A new report indicates that current tests and benchmarks for evaluating the safety and responsibility of artificial intelligence may be insufficient. The growing demand for security in generative AI models, capable of analyzing and generating text, images, music, and videos, has led to increased scrutiny due to their propensity for errors and unpredictable behavior. In response, both public sector agencies and large tech companies are proposing new benchmarks to assess the safety of these models.
Late last year, the startup Scale AI established a lab dedicated to evaluating the alignment of models with safety guidelines. This month, the NIST and the UK AI Security Institute launched tools to assess model risk. However, the UK's Ada Lovelace Institute (ALI) has identified that these tests may be inadequate. Their study, which interviewed experts from academic labs and the civil sector as well as model providers, revealed that current evaluations are not exhaustive, can be easily manipulated, and do not necessarily reflect model behavior in real-world scenarios.
Benchmarks and Red Teaming
The ALI study reviewed academic literature to understand the risks and damages associated with current AI models and existing evaluations. They then interviewed 16 experts, including employees from tech companies developing generative AI systems. They found significant disagreement about the best methods and taxonomy for evaluating models.
Some evaluations only tested model performance in the lab, not in real-world scenarios. Others relied on tests designed for research purposes, not production models, yet were still used in production. A significant issue identified was data contamination, where benchmark results can overestimate a model's performance if it has been trained on the same data used for evaluation. Benchmarks are often chosen for convenience rather than being the best evaluation tools.
Mahi Hardalupas, an ALI researcher, notes that "benchmarks risk being manipulated by developers who can train models on the same dataset that will be used to evaluate the model. It also matters which version of a model is being evaluated. Small changes can cause unpredictable changes in behavior."
The study also found issues with "red-teaming," the practice of tasking teams with attacking a model to identify vulnerabilities. Although several companies, like OpenAI and Anthropic, use red-teaming, there are no agreed standards for evaluating its effectiveness. Additionally, forming red teams with the necessary expertise is costly and labor-intensive, presenting barriers for smaller organizations.
Possible Solutions
The pressure to launch models quickly and the reluctance to conduct tests that might identify problems before a release are the main reasons why AI evaluations have not improved. A participant in the ALI study mentioned that evaluating the safety of models is an "intractable" problem.

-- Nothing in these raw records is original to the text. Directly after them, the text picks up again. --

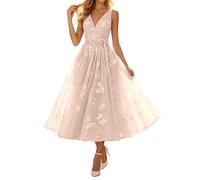 Generisch 2026 Elegante vestido de cóctel sin mangas con cuello en V vestido de noche midi fluido casual ajuste cómodo estilo versátil para damas en la vida cotidiana oficina vacaciones, Rosa claro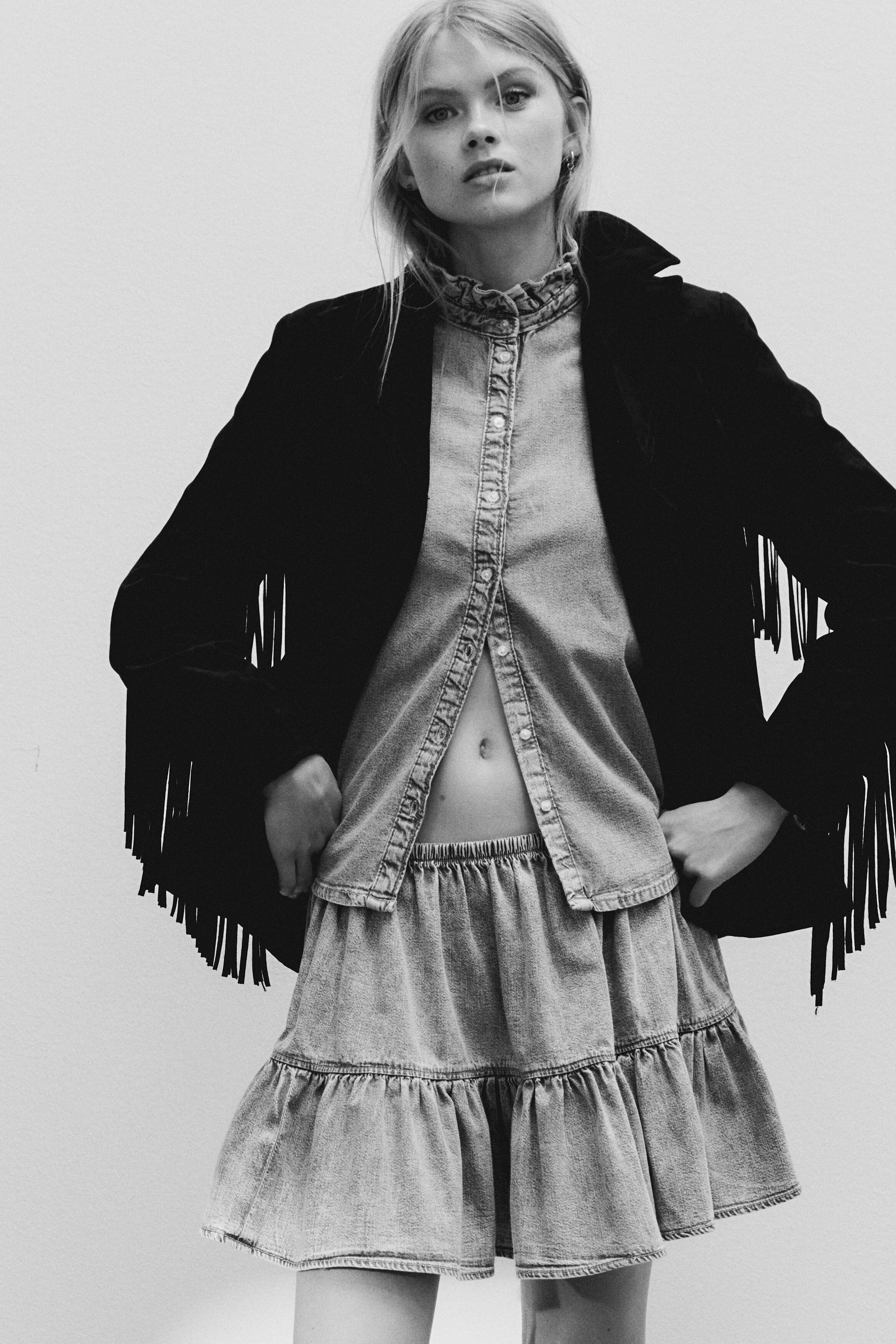 Flounced mini skirt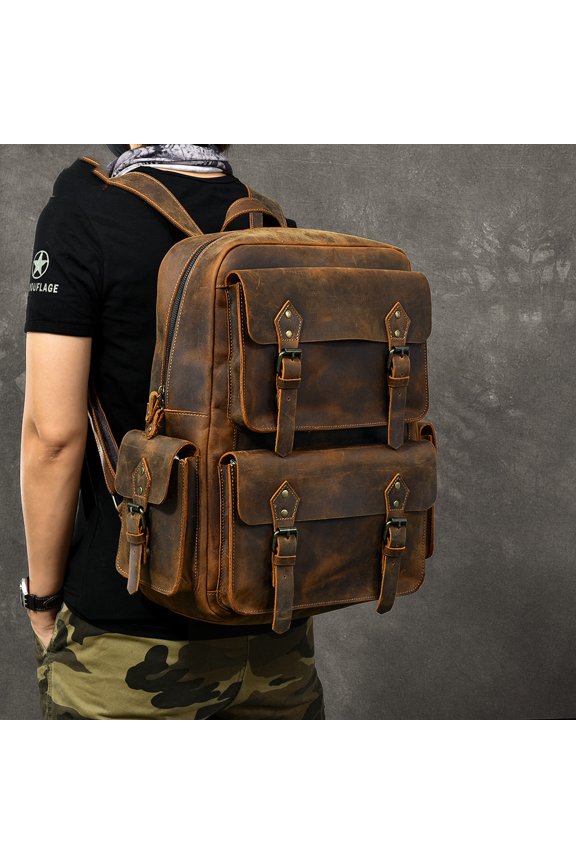 Crazy Horse Leather Backpack,Coffee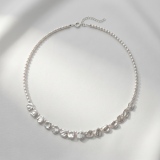 Silver Baroque Seed Pearl Necklace, 8.65mm-4.10mm, 18in+2.5in thumbnail 1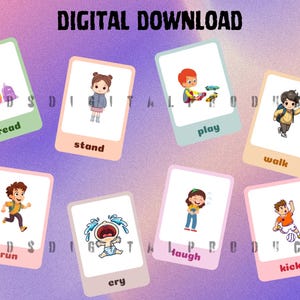Action Verbs Flashcards, Verb Flashcards for Kids, Preschool Action Words, Learning Verbs for Kids, Kindergarten Verb Activities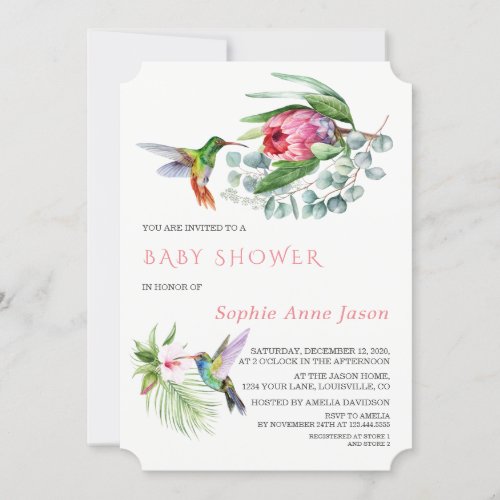 Charm Hummingbird Tropical Flowers Baby Shower Invitation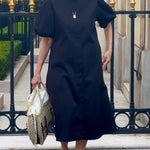 A-Line Loose Pleated Pockets Solid Color Round-Neck Midi Dresses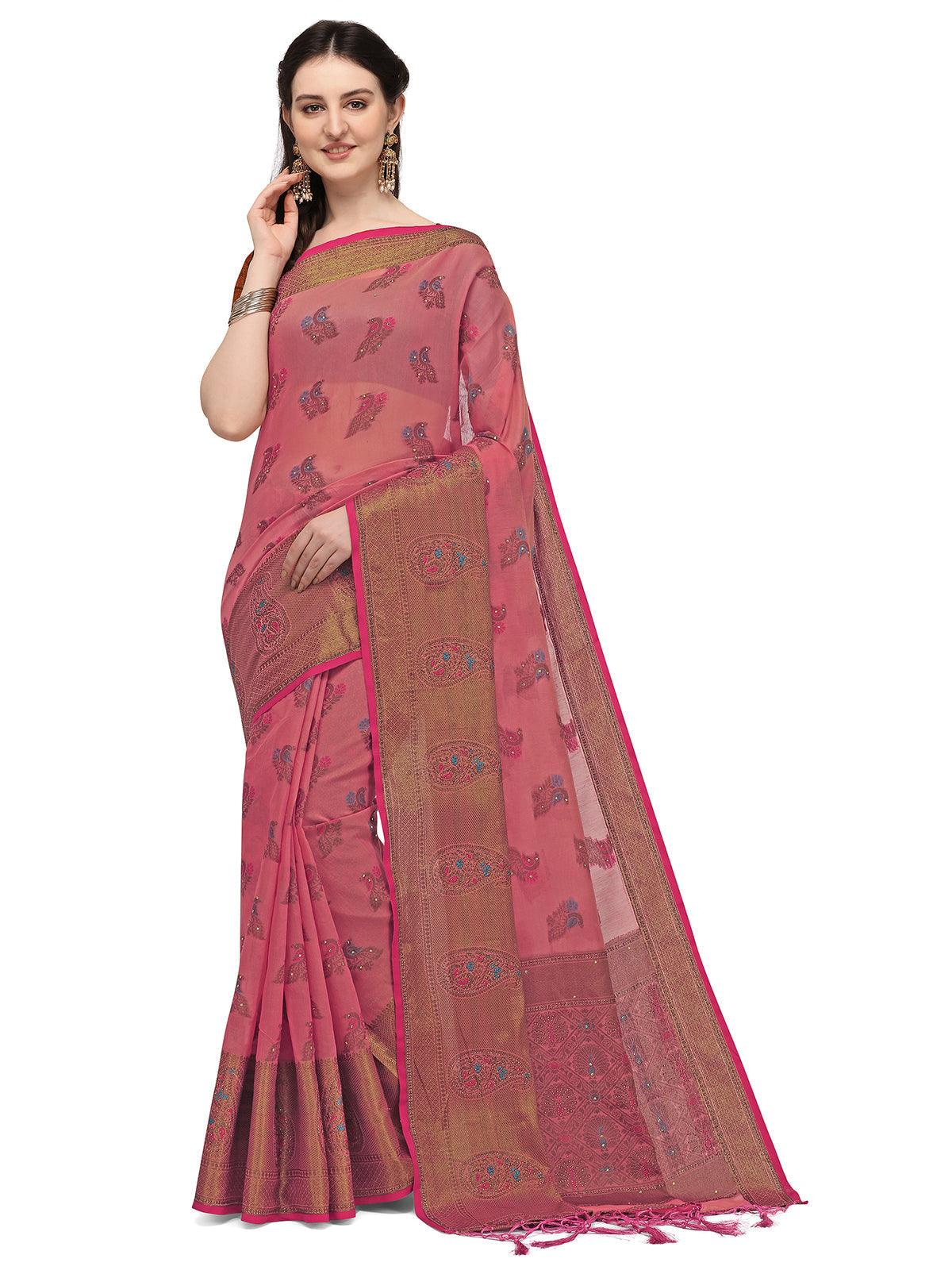Pink Colour Banarasi Silk Madhubani Work Saree - Rajwada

However, Hardalupas sees a way forward with greater involvement from public sector bodies. She suggests that governments require more public participation in developing evaluations and implement measures to support a "third-party testing ecosystem," including programs to ensure regular access to necessary models and datasets.
Jones advocates for "context-specific" evaluations that analyze how a model may affect different types of users and how attacks could bypass safeguards. He adds that investment in the underlying science of evaluations is needed to develop more robust and repeatable tests based on understanding how an AI model functions.
Nevertheless, Hardalupas warns that there will never be a total guarantee of safety: "Model evaluations can identify potential risks but cannot guarantee that a model is safe."